In the 1930s, a Swiss astronomer named Fritz Zwicky noticed that galaxies in a distant cluster were orbiting one another much faster than they should have been given the amount of visible mass they had. He proposed than an unseen substance, which he called dark matter, might be tugging gravitationally on these galaxies.

Since then, researchers have confirmed that this mysterious material can be found throughout the cosmos, and that it is six times more abundant than the normal matter that makes up ordinary things like stars and people. Yet despite seeing dark matter throughout the universe, scientists are mostly still scratching their heads over it. Here are the 11 biggest unanswered questions about dark matter.

What is dark matter?

First and perhaps most perplexingly, researchers remain unsure about what exactly dark matter is.
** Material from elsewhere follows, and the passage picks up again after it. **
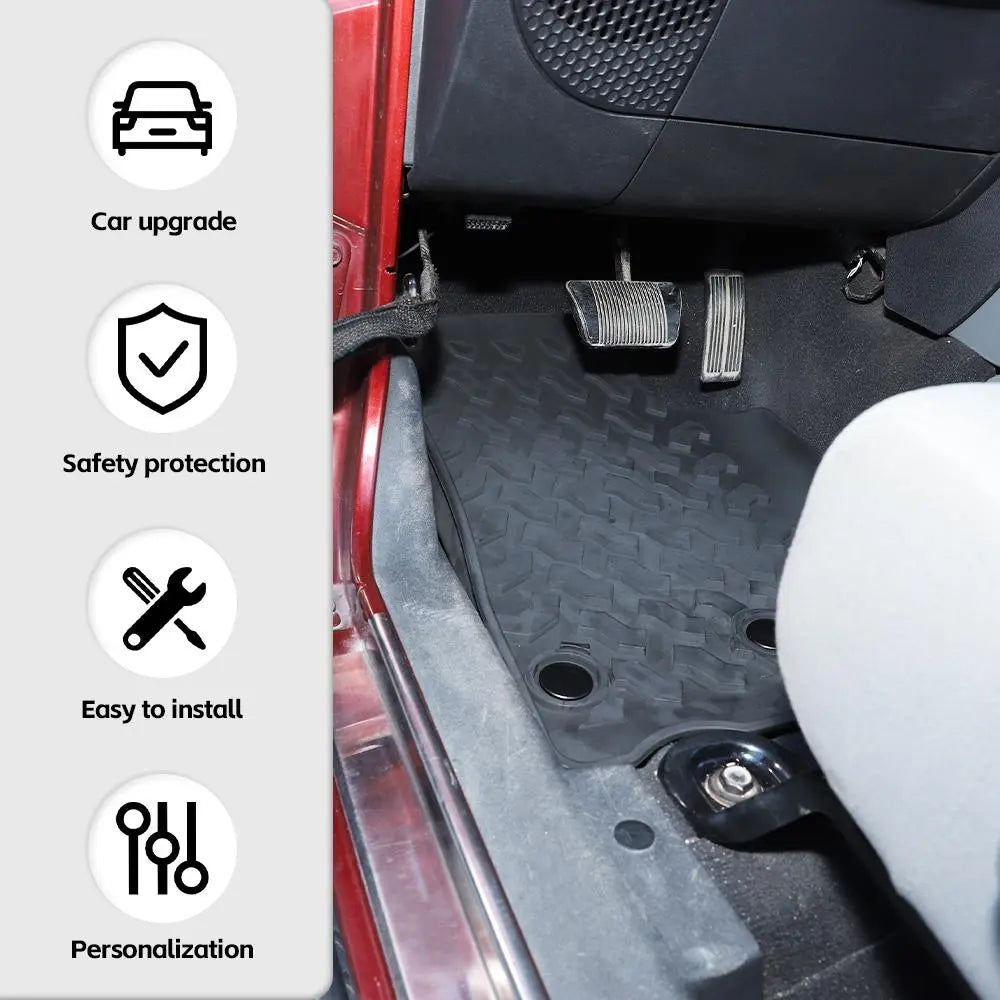 For 2007-2018 Jeep Wrangler JK 2-Door Waterproof Car Floor Foot Mats Replacement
Originally, some scientists conjectured that the missing mass in the universe was made up of small faint stars and black holes, though detailed observations have not turned up nearly enough such objects to account for dark matter’s influence, as physicist Don Lincoln of the U.S. Department of Energy’s Fermilab previously wrote for Live Science.

The current leading contender for dark matter’s mantle is a hypothetical particle called a Weakly Interacting Massive Particle, or WIMP, which would behave sort of like a neutron except would be between 10 and 100 times heavier than a proton, as Lincoln wrote. Yet, this conjecture has only led to more questions.